Identifiers that are not contained in another unit of the application or the API database are regarded as referring to an unknown API (they could equally be referring to vendor extensions or a particular API).

Optional components

An API is sometimes broken down into core and optional components. For instance the real time portion of POSIX has 16 optional components. The availability of these components can be tested for using feature test macros within the application source code.

To be useful, any report of API usage has to list those optional components of an API that are used by the application.

Are the interface conventions obeyed?

It is no good making use of the facilities provided by an API if the interface conventions are not followed. The whole purpose of an API is to isolate implementation details from the application. An applications that does not follow the specified interface rules is likely to have problems when using a new version of a library implementing the API, or the application is moved to a different platform.

So as well as finding out which identifiers are used, it is also necessary to check that they are used correctly.

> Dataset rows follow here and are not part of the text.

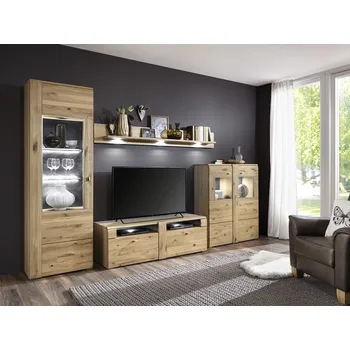 Knihovna Nábytek do obývacího pokoje ARRAS dub sukatý bělený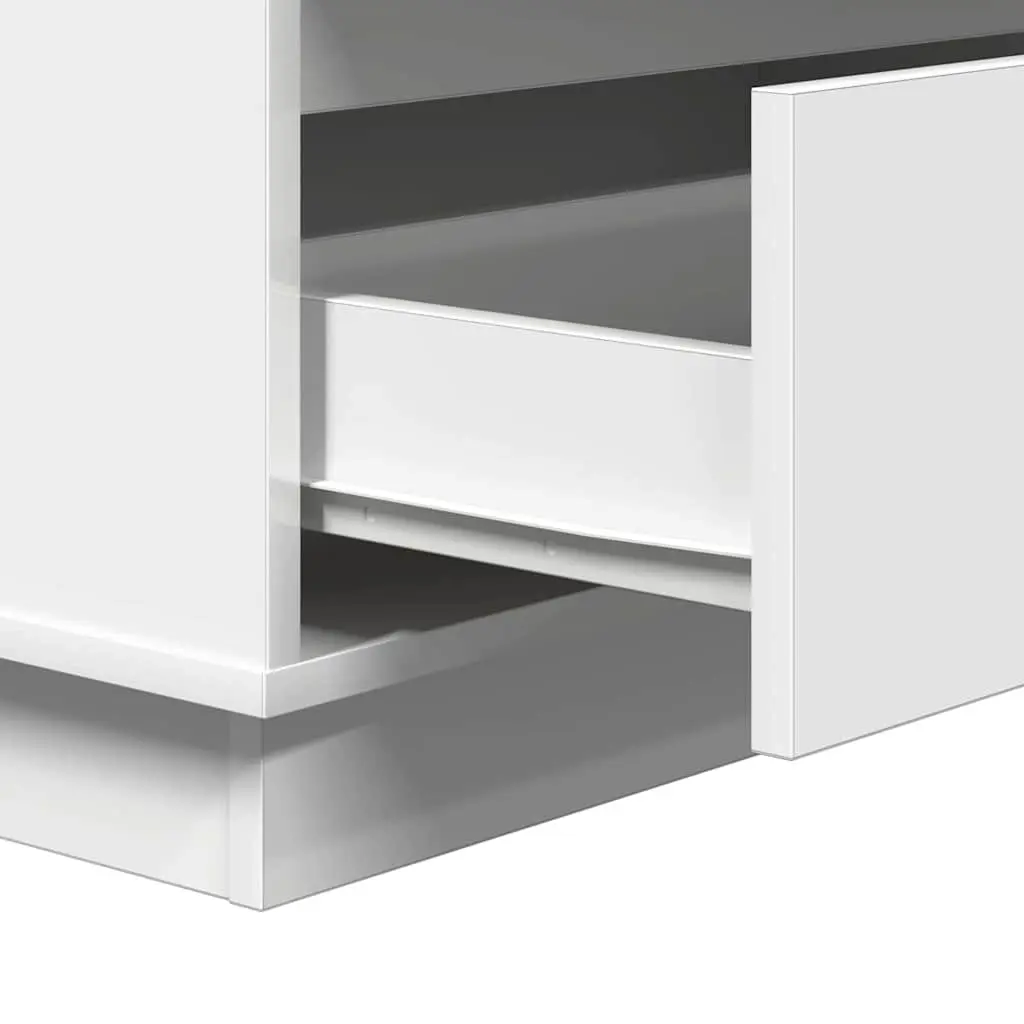 Bedside Cabinet White Engineered Wood Nightstand Compact Storage Table 71cm
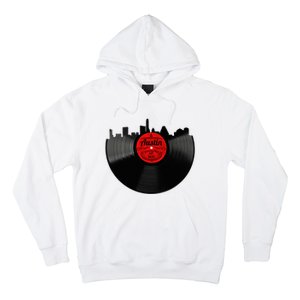 Austin Texas Vinyl Record Musical Gift Retro Austin Skyline Hoodie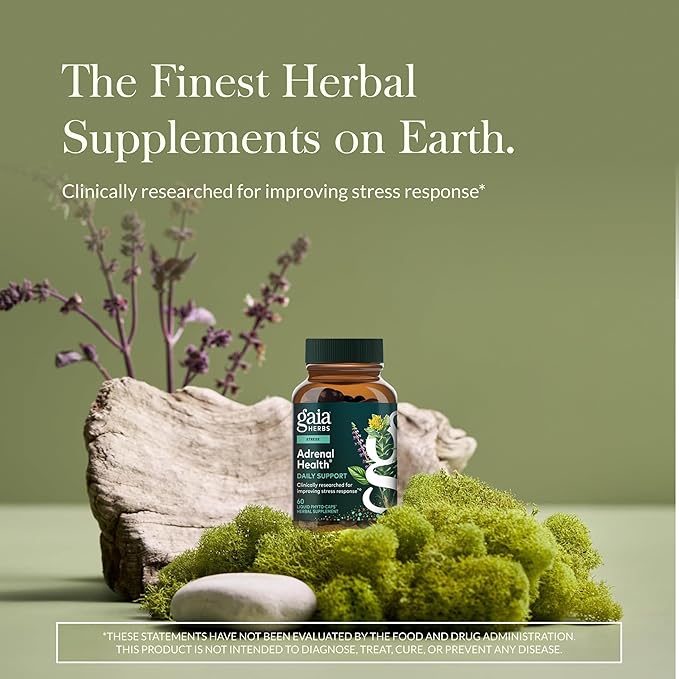 Gaia Herbs Adrenal Health Daily Support - Herbal Supplement with Ashwagandha, Holy Basil & Schisandra - Help Maintain Healthy Energy & Stress Levels* - 60 Vegan Liquid Phyto-Caps (30 Servings)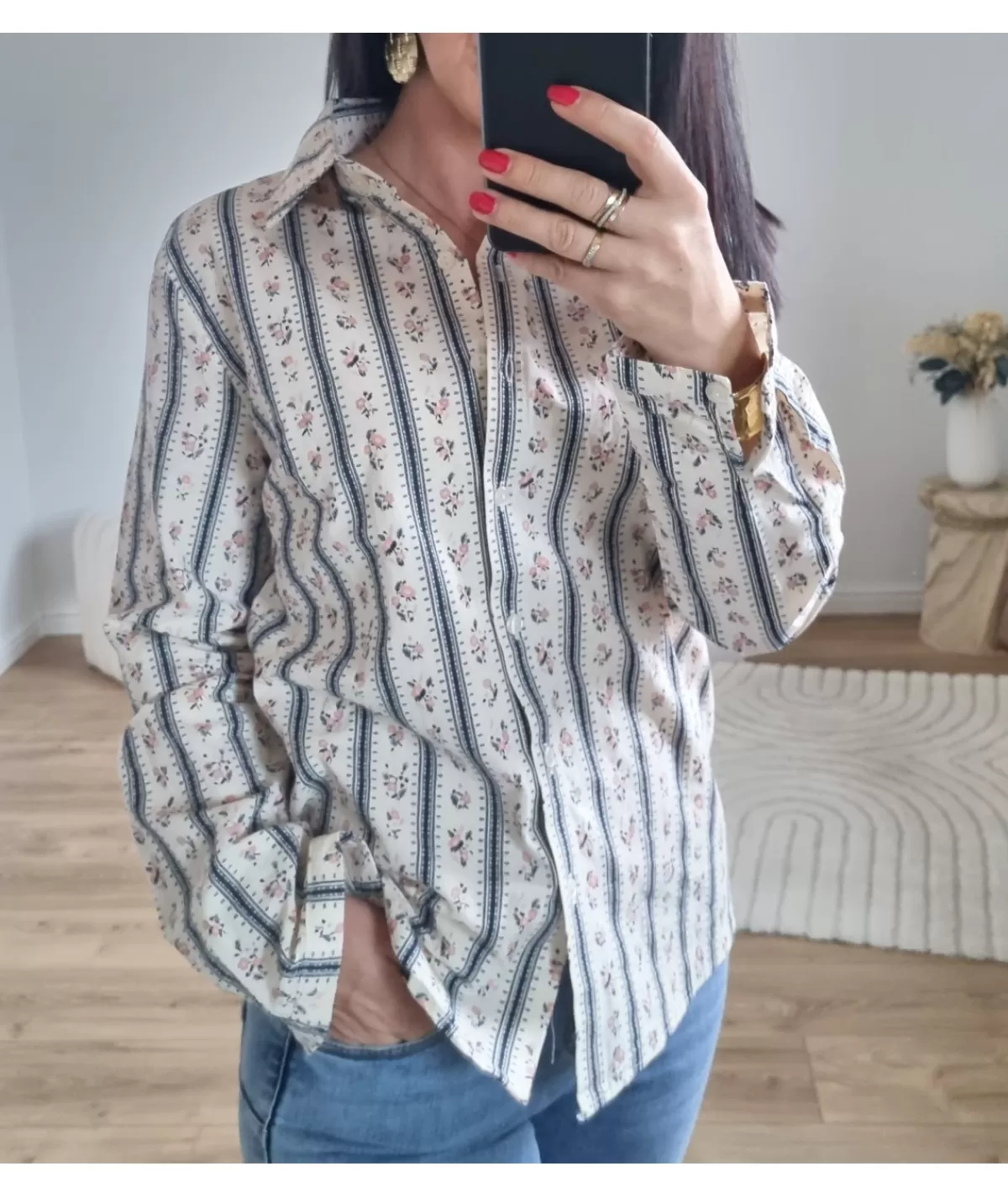 La boutique de Lilie Chemises>CHEMISE OLYMPE Marine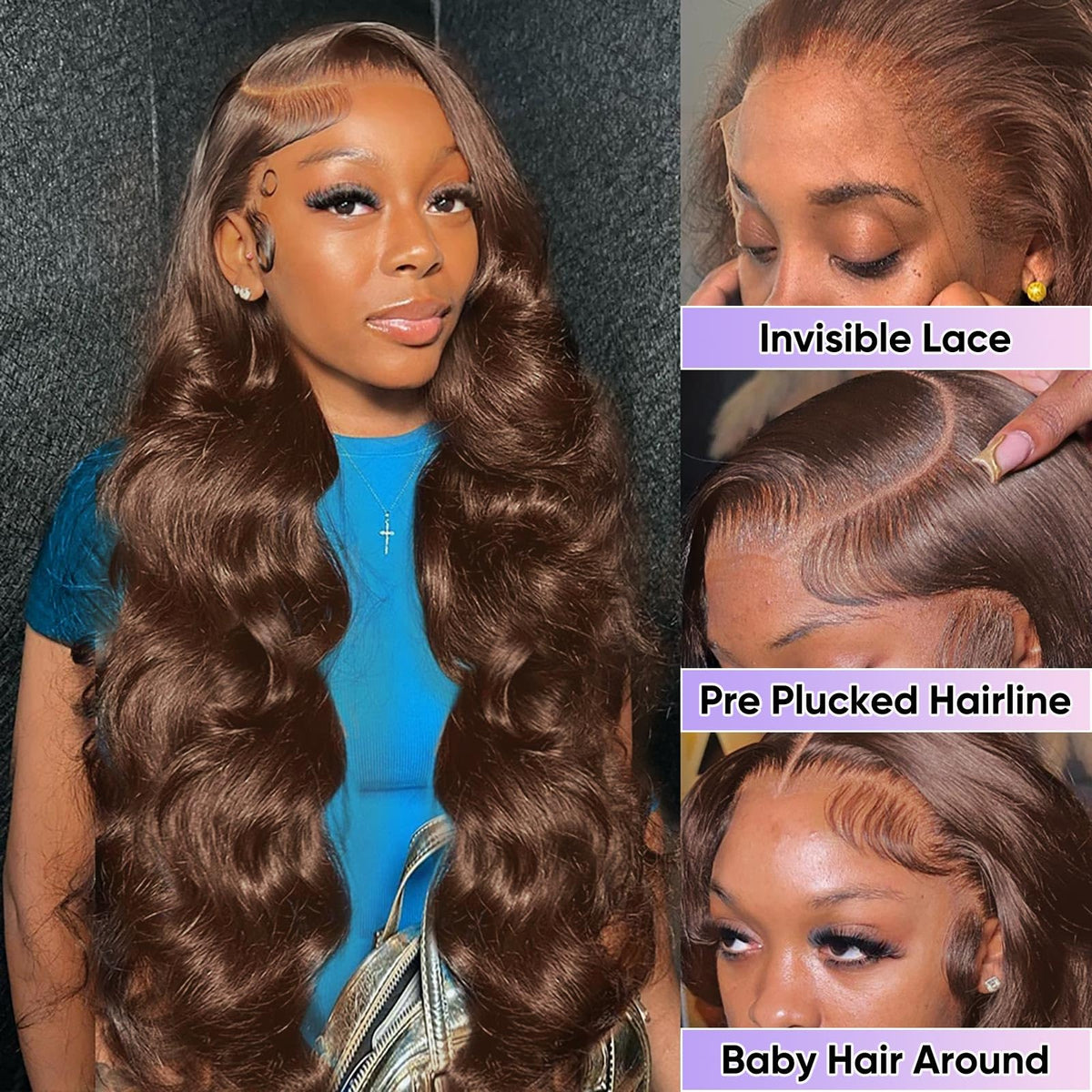 SFTNMEH close-up of 13x6 lace hairline pre-plucked for realistic blending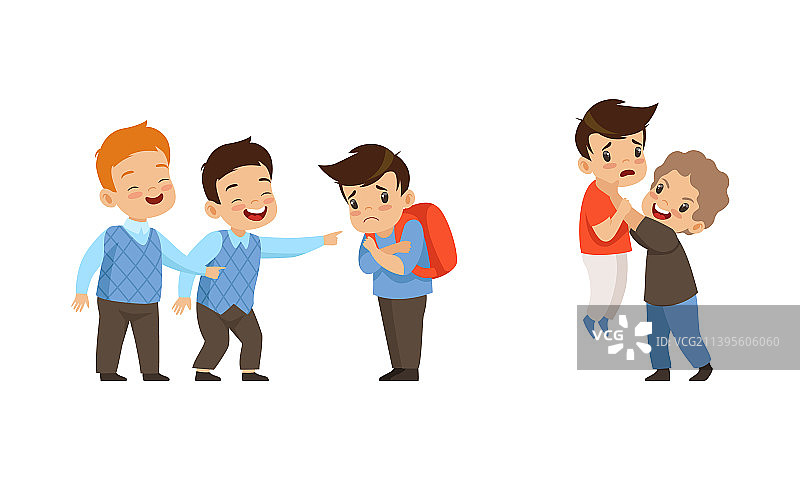 欺负和虐待悲伤同龄人的冒犯男孩图片素材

Interface requirements specified in APIs

API's specify a number of different requirements for correct usage. Commonly seen requirements include:

Parameters
- Symbolic values must be used as arguments
- Types of arguments must be compatible with a defined type
Function return values
- Value has a properties, ie is positive, is negative
- Value may only be compared against symbolic values
Feature test macros
- Used to check availability of optional constructs
Variable types
- Fields available in structs
- No requirement on layout of fields
- No requirement that the type be scalar
Not always constant
- Macros need not evaluate to a compile time constant
Headers
- Must be included

Function calls

An API function may accept input arguments, return a result or set status flags (for instance errno).

Functions that may perform various operations usually take an argument specifying which operation to be perform. For instance in:

   fseek(file_ptr, 4, SEEK_CUR);

the third argument tells fseek that the seek is to be performed relative to the current file position. SEEK_CUR is a macro whose value will chosen by each implementation. The call:

   fseek(file_ptr, 4, 1);

relies on an implementation choosing a SEEK_CUR value of 1. As such it does not obey the API specification, even though it will work on one or more implementations.

Some API's have more complicated requirements. For instance the POSIX function open may take one of three values (O_RDONLY, O_WRONY, O_RDWR) combined with zero or more other values (O_APPEND, O_NONBLOCK, O_NOCTTY, O_TRUNC, O_CREAT, O_EXCL). An API checker must ensure that the argument is created using the correct boolean or of these macros.

Checking a variable that is passed as an argument is substantially more difficult. It requires full flow analysis to track the symbols assigned to that variable. The current release of OSPC does not perform such analysis in this context.

APIs also define the types of the function parameters. Provided the host compiler supports function prototypes then the arguments given in calls to API functions will be checked at compile time. It is ok to pass an argument of a different arithmetic type because the compiler will automatically insert a cast to the required type. For instance if size_t has a unsigned long type, passing an int argument will work because of the implicit cast inserted by the compiler. Thus the developer does not have to worry about inserting casts to size_t for all appropriate arguments.

Passing an incorrect non-arithmetic type will cause the compiler to generate a compile time error. It is useful for an API checking tool to check that the arguments are compatible with the declared parameters, but not essential.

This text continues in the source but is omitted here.